--- Data supplied Enclosed Below ---

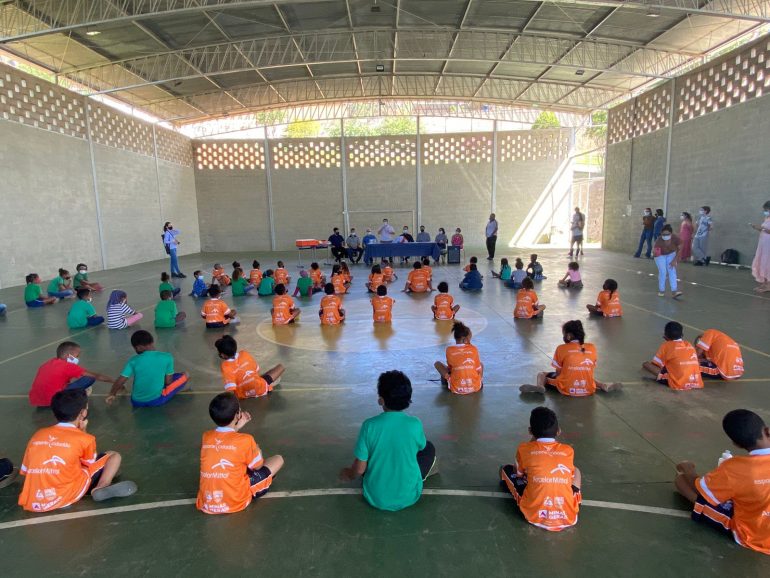 Projeto na Escola Municipal Cicinha Moura leva esporte e bem estar para os alunos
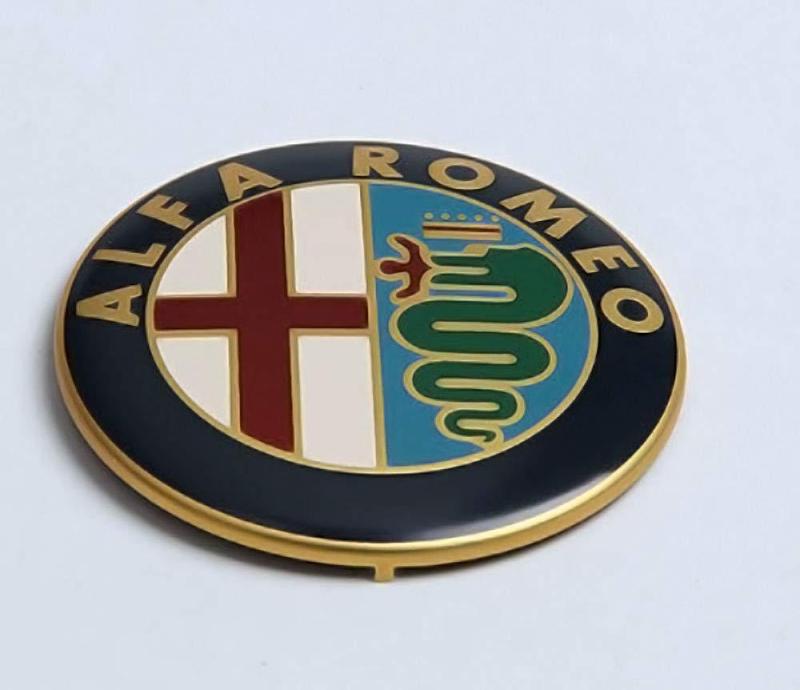 alfa romeo emblem i guld farg 74mm motorhu bagagelucka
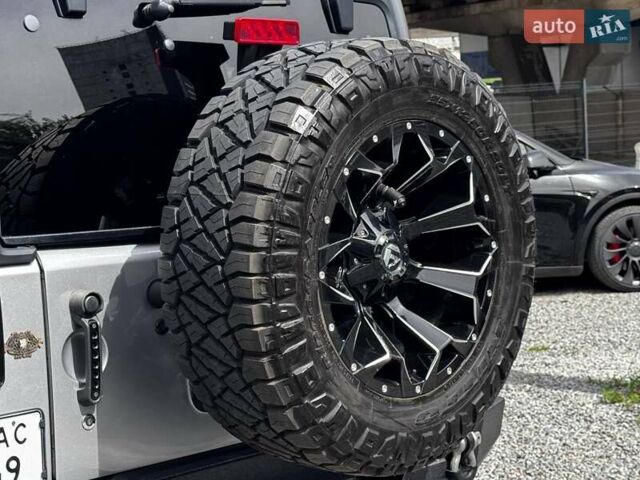 Сірий Джип Wrangler, об'ємом двигуна 3.6 л та пробігом 140 тис. км за 29999 $, фото 8 на Automoto.ua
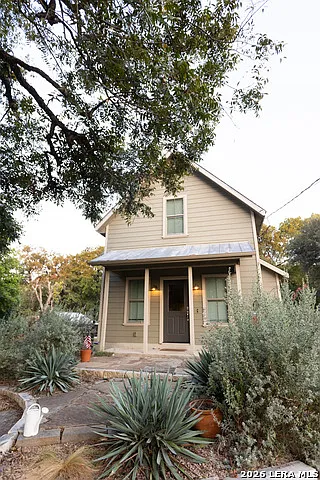 809 Josephine St — Photo 1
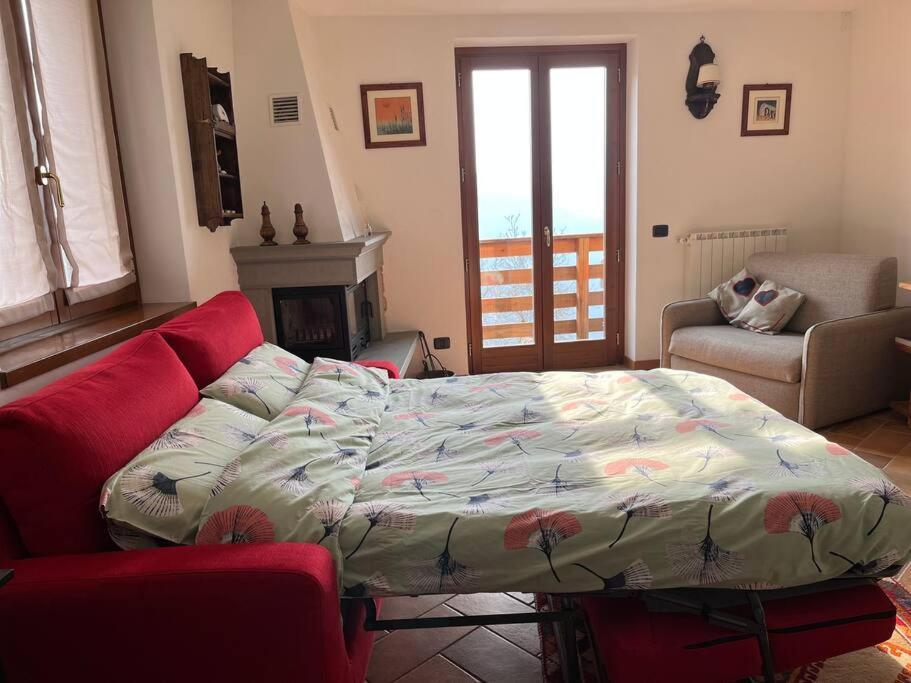 Appartement Mangia, Leggi, Dormi à Costa di Serina Extérieur photo
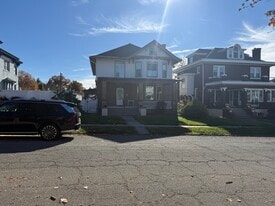 Building Photo - 10 Rockledge Rd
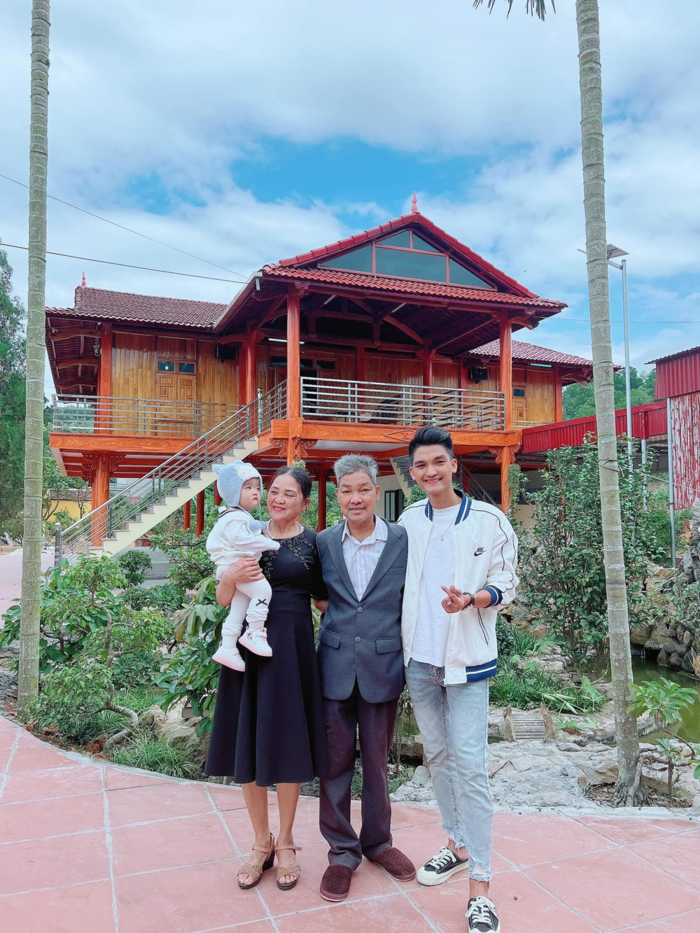 Mạc Văn Khoa cùng bố mẹ check-in trước cơ ngơi ở quê nhà. Anh cho biết khoảng sân có diện tích 310m2 được trang trí với nhiều chậu cây cảnh quý hiếm. 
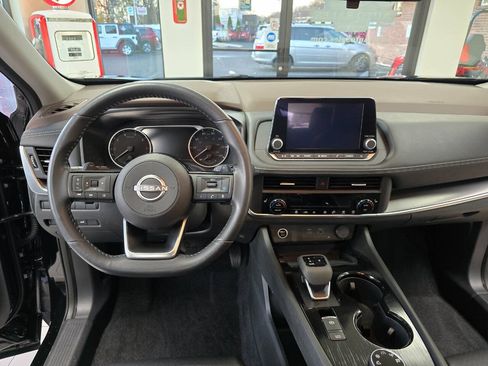 Used 2023 Nissan Rogue SV w/ SV Premium B Package AWD/4WD image 26
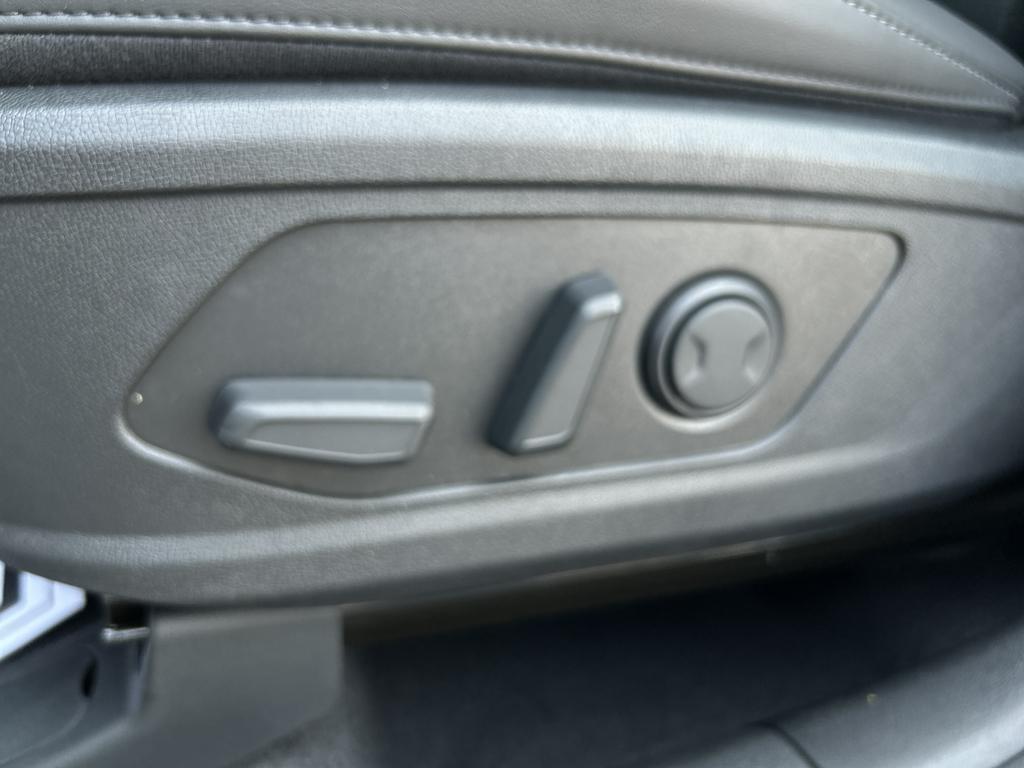 new 2026 Kia Sorento car, priced at $38,995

--- End of Enclosed Data supplied ---

What is expected. Recopy the whole listing above precisely, excluding images.

Your solution.
 Projeto na Escola Municipal Cicinha Moura leva esporte e bem estar para os alunos
 alfa romeo emblem i guld farg 74mm motorhu bagagelucka
 Сірий Джип Wrangler, об'ємом двигуна 3.6 л та пробігом 140 тис. км за 29999 $, фото 8 на Automoto.ua
 809 Josephine St — Photo 1
 Appartement Mangia, Leggi, Dormi à Costa di Serina Extérieur photo
 Building Photo - 10 Rockledge Rd
 Mạc Văn Khoa cùng bố mẹ check-in trước cơ ngơi ở quê nhà. Anh cho biết khoảng sân có diện tích 310m2 được trang trí với nhiều chậu cây cảnh quý hiếm. 
 Used 2023 Nissan Rogue SV w/ SV Premium B Package AWD/4WD image 26
 new 2026 Kia Sorento car, priced at $38,995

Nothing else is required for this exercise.